▶ _Requirement_: Without pictures, repeat the lines of the entries from the one containing "Nick (10 tuổi) chơi Cricket." through the last, both ends included, and nothing else.

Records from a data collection
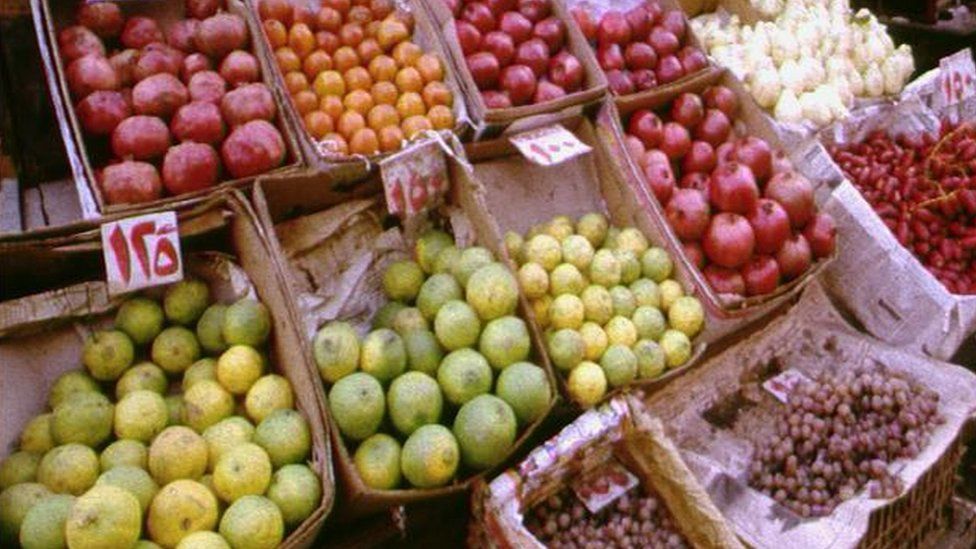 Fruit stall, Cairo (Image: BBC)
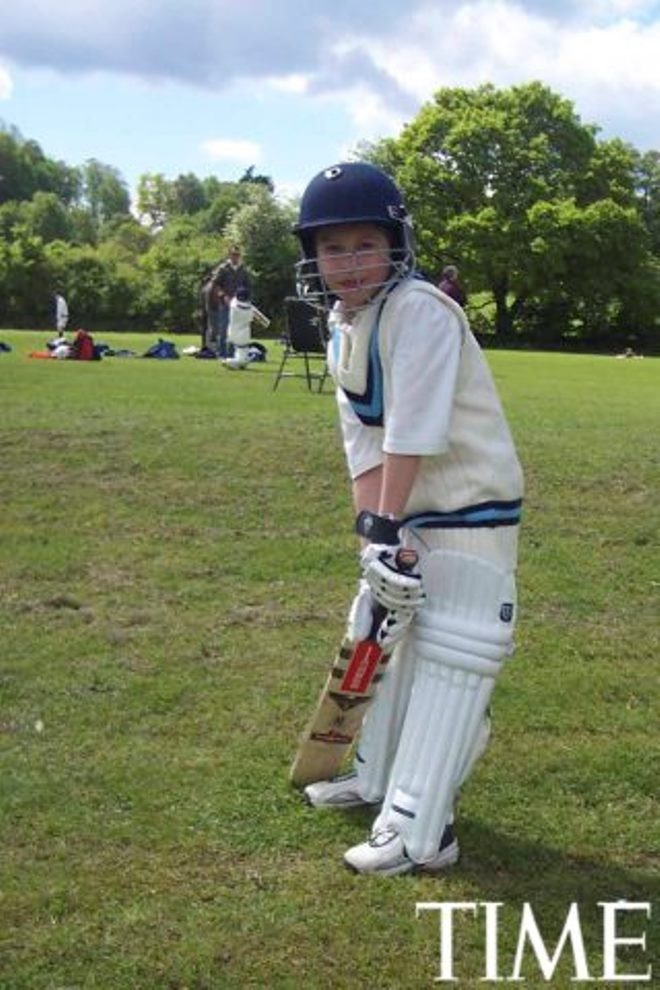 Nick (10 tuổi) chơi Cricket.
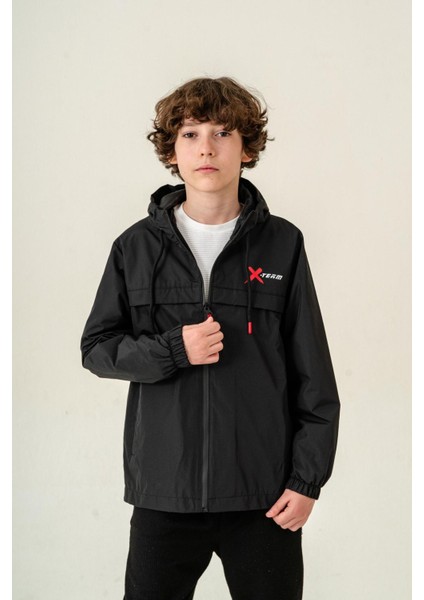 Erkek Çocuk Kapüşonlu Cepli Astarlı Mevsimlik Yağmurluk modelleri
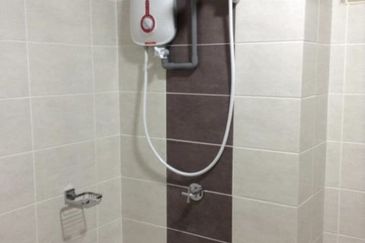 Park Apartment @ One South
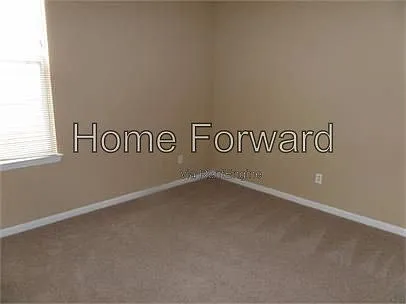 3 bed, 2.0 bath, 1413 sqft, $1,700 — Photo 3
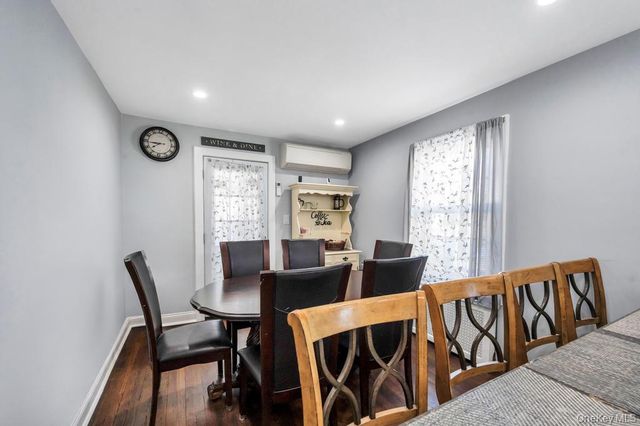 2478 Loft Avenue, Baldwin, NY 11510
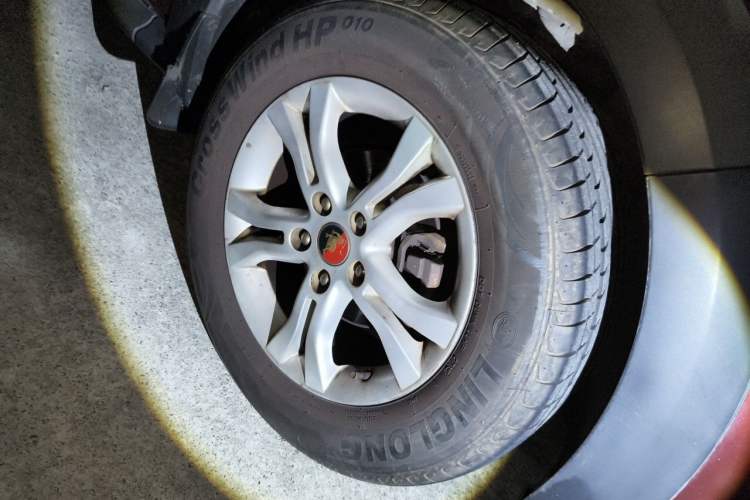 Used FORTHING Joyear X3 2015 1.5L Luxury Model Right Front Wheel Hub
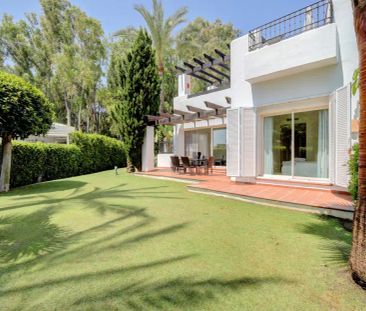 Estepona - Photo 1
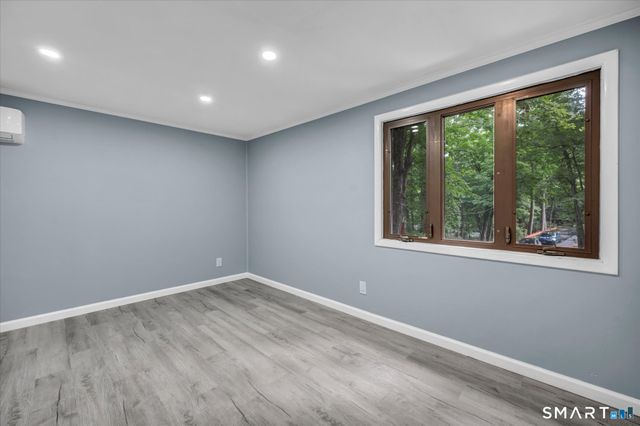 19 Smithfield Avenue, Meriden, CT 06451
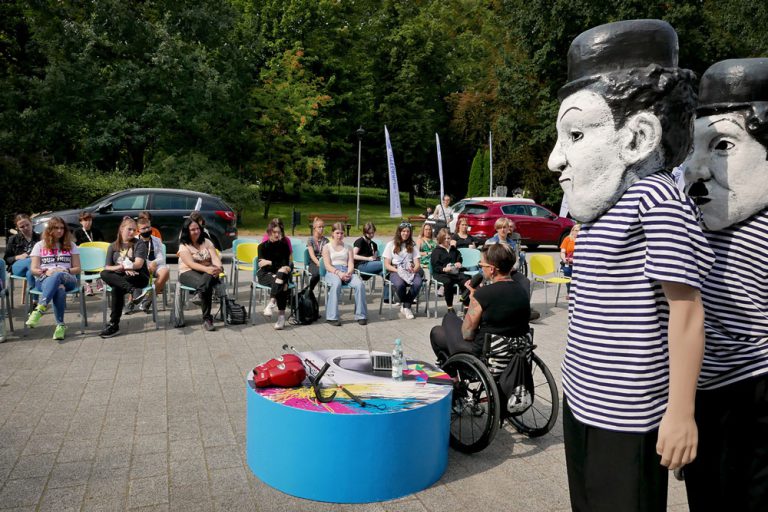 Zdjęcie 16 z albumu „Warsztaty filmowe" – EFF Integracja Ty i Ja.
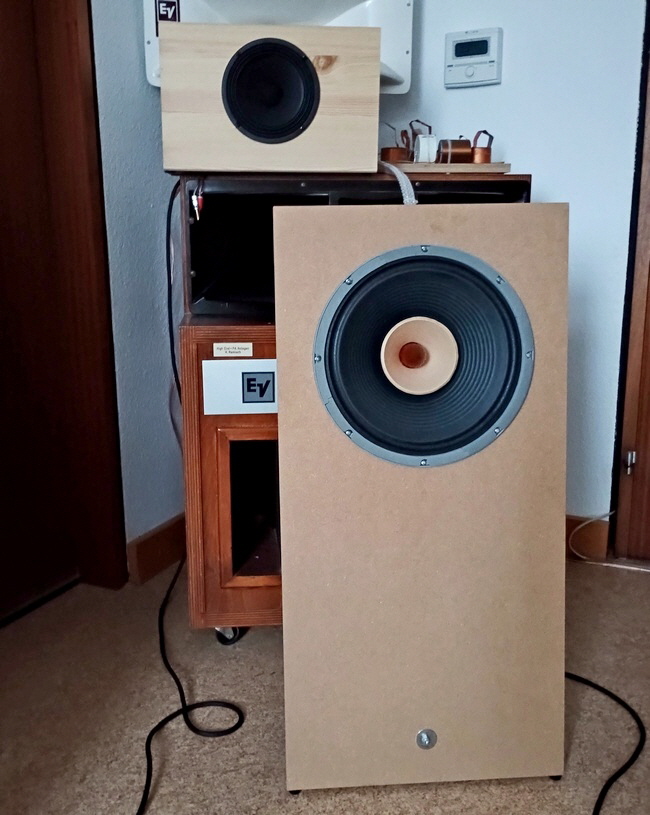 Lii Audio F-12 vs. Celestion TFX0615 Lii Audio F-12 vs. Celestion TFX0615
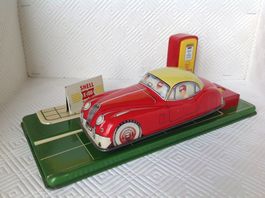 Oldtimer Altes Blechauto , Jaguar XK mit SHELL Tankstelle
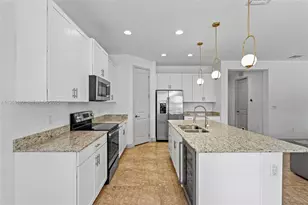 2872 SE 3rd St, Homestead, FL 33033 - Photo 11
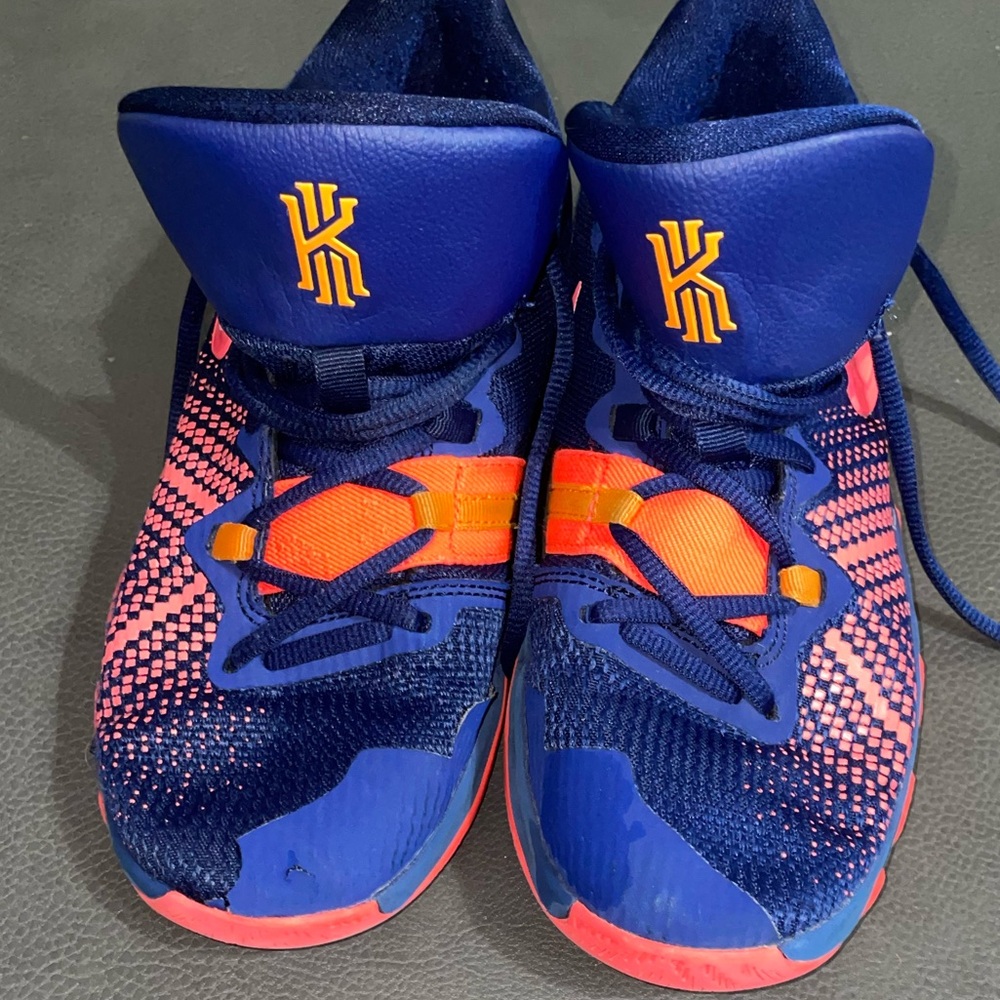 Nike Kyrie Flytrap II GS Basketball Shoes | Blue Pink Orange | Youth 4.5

▶ _Answer box_:
 Nick (10 tuổi) chơi Cricket.
 Erkek Çocuk Kapüşonlu Cepli Astarlı Mevsimlik Yağmurluk modelleri
 Park Apartment @ One South
 3 bed, 2.0 bath, 1413 sqft, $1,700 — Photo 3
 2478 Loft Avenue, Baldwin, NY 11510
 Used FORTHING Joyear X3 2015 1.5L Luxury Model Right Front Wheel Hub
 Estepona - Photo 1
 19 Smithfield Avenue, Meriden, CT 06451
 Zdjęcie 16 z albumu „Warsztaty filmowe" – EFF Integracja Ty i Ja.
 Lii Audio F-12 vs. Celestion TFX0615 Lii Audio F-12 vs. Celestion TFX0615
 Oldtimer Altes Blechauto , Jaguar XK mit SHELL Tankstelle
 2872 SE 3rd St, Homestead, FL 33033 - Photo 11
 Nike Kyrie Flytrap II GS Basketball Shoes | Blue Pink Orange | Youth 4.5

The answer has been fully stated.